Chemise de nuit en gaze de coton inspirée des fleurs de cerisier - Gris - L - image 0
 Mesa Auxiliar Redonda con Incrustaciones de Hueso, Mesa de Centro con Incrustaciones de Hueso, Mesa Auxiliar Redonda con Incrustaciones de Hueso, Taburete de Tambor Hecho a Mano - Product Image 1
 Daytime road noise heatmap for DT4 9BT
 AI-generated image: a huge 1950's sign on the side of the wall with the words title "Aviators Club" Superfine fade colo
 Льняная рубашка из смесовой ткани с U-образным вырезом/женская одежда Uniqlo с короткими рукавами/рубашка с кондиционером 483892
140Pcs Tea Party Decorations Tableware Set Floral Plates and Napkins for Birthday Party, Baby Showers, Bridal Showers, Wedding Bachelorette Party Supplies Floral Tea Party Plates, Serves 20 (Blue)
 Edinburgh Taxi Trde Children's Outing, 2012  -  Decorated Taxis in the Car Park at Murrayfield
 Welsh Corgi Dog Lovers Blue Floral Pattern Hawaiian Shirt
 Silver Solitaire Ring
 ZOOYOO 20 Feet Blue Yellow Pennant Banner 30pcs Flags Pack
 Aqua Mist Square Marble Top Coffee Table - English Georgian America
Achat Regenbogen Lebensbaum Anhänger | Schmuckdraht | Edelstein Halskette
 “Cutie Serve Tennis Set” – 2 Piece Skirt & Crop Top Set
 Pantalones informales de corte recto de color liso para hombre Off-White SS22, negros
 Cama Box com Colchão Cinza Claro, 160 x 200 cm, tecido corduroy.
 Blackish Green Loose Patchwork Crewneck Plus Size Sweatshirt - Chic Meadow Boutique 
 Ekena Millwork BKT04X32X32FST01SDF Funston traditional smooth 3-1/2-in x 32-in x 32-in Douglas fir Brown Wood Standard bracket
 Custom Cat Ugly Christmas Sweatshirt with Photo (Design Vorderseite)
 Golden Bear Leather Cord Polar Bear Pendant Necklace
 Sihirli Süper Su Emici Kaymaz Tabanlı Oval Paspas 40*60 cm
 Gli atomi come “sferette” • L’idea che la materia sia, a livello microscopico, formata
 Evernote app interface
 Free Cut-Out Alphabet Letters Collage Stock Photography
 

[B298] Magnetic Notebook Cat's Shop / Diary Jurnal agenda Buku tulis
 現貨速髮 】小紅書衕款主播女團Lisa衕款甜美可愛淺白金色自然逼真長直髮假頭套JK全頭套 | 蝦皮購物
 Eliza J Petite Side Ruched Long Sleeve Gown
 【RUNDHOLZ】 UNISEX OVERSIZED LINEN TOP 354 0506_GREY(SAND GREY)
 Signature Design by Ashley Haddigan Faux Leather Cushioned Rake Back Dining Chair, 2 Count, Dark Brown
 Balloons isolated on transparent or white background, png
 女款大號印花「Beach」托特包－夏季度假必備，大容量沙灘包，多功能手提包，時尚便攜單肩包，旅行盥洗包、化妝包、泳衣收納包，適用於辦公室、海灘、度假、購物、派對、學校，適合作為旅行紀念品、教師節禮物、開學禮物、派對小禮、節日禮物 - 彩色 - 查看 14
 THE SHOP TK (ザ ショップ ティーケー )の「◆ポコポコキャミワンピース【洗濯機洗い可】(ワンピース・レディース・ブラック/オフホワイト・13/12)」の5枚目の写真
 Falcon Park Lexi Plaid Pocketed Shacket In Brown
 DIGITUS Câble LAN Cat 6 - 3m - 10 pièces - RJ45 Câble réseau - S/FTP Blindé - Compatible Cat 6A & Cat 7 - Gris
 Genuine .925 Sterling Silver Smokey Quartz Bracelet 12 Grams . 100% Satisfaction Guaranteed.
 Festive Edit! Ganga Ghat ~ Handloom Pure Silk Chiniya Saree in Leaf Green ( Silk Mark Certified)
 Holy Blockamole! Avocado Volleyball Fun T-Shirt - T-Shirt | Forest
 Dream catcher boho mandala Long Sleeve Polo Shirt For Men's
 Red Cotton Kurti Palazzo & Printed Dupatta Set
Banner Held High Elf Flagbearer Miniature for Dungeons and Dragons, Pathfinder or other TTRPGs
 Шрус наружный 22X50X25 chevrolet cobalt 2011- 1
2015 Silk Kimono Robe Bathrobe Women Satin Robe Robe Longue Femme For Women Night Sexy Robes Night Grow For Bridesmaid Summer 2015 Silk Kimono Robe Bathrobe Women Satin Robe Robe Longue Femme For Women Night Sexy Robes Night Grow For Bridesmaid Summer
☆ ☆ ☆ ☆ ☆ ☆ ☆
> **WHAT IS BEING ASKED**: Only the lines from the opening of the material through the line with "ZOOYOO 20 Feet" should be echoed, exactly as written.

> **ANSWER TO THE PROBLEM**:
Chemise de nuit en gaze de coton inspirée des fleurs de cerisier - Gris - L - image 0
 Mesa Auxiliar Redonda con Incrustaciones de Hueso, Mesa de Centro con Incrustaciones de Hueso, Mesa Auxiliar Redonda con Incrustaciones de Hueso, Taburete de Tambor Hecho a Mano - Product Image 1
 Daytime road noise heatmap for DT4 9BT
 AI-generated image: a huge 1950's sign on the side of the wall with the words title "Aviators Club" Superfine fade colo
 Льняная рубашка из смесовой ткани с U-образным вырезом/женская одежда Uniqlo с короткими рукавами/рубашка с кондиционером 483892
140Pcs Tea Party Decorations Tableware Set Floral Plates and Napkins for Birthday Party, Baby Showers, Bridal Showers, Wedding Bachelorette Party Supplies Floral Tea Party Plates, Serves 20 (Blue)
 Edinburgh Taxi Trde Children's Outing, 2012  -  Decorated Taxis in the Car Park at Murrayfield
 Welsh Corgi Dog Lovers Blue Floral Pattern Hawaiian Shirt
 Silver Solitaire Ring
 ZOOYOO 20 Feet Blue Yellow Pennant Banner 30pcs Flags Pack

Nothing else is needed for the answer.